【发布时间】:2021-01-18 10:05:28
【问题描述】:
我有一个输入数据框,如下:
NAME TEXT START END
Tim Tim Wagner is a teacher. 10 20.5
Tim He is from Cleveland, Ohio. 20.5 40
Frank Frank is a musician. 40 50
Tim He like to travel with his family 50 62
Frank He is a performing artist who plays the cello. 62 70
Frank He performed at the Carnegie Hall last year. 70 85
Frank It was fantastic listening to him. 85 90
Frank I really enjoyed 90 93
希望输出数据帧如下:
NAME TEXT START END
Tim Tim Wagner is a teacher. He is from Cleveland, Ohio. 10 40
Frank Frank is a musician 40 50
Tim He like to travel with his family 50 62
Frank He is a performing artist who plays the cello. He performed at the Carnegie Hall last year. 62 85
Frank It was fantastic listening to him. I really enjoyed 85 93
我当前的代码:
grp = (df['NAME'] != df['NAME'].shift()).cumsum().rename('group')

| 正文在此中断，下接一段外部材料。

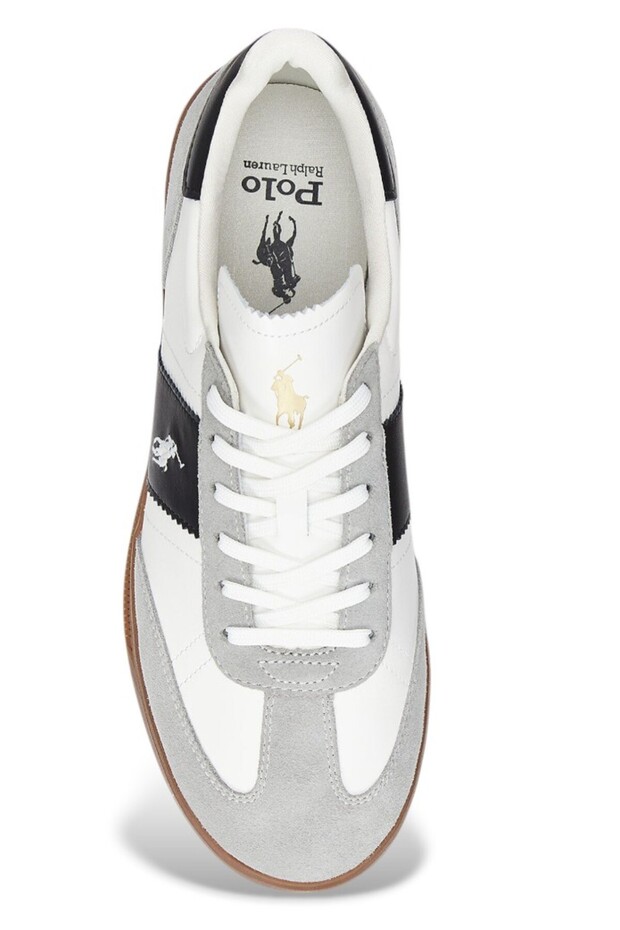 HRT AERA PP-SNEAKERS-LOW TOP LACE - 1
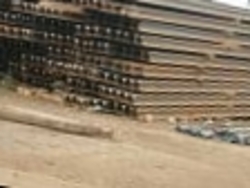 Cameroon Mixed Scrap Iron & Steel - HMS 1&2 , turnings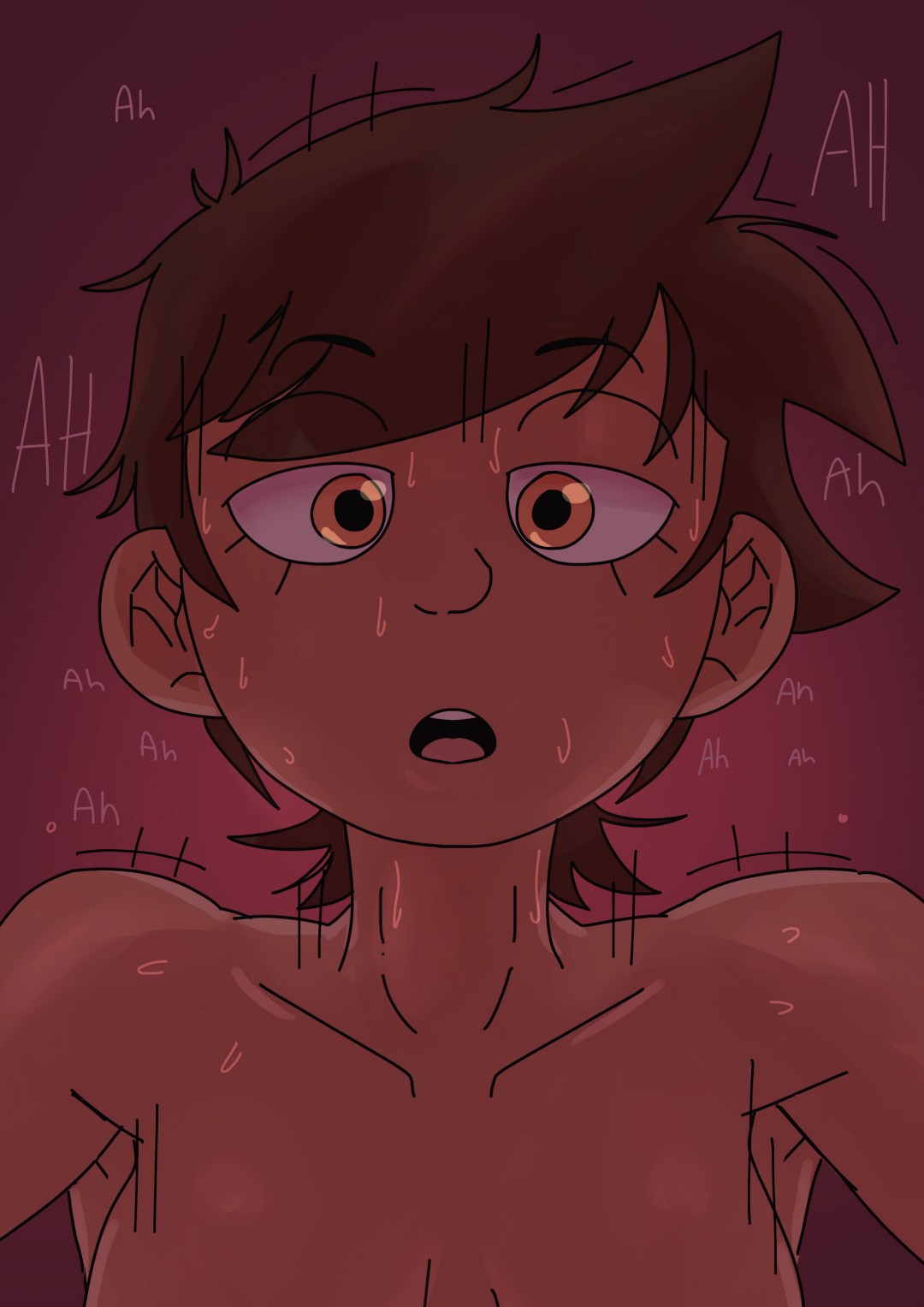 Comic Porno de La Magia Experimental De Luz - Jinch01 (#8)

df.groupby(['NAME', grp], sort=False)['TEXT','START','END']\
.agg({'TEXT':lambda x: ' '.join(x), 'START': 'min', 'END':'max'})\
.reset_index().drop('group', axis=1)
这会将最后 4 行合并为一。相反,即使“NAME”具有相同的值,我也只想合并 2 行(比如任何 n 行)。
感谢您对此的帮助。
谢谢
【问题讨论】:
标签: python pandas dataframe aggregation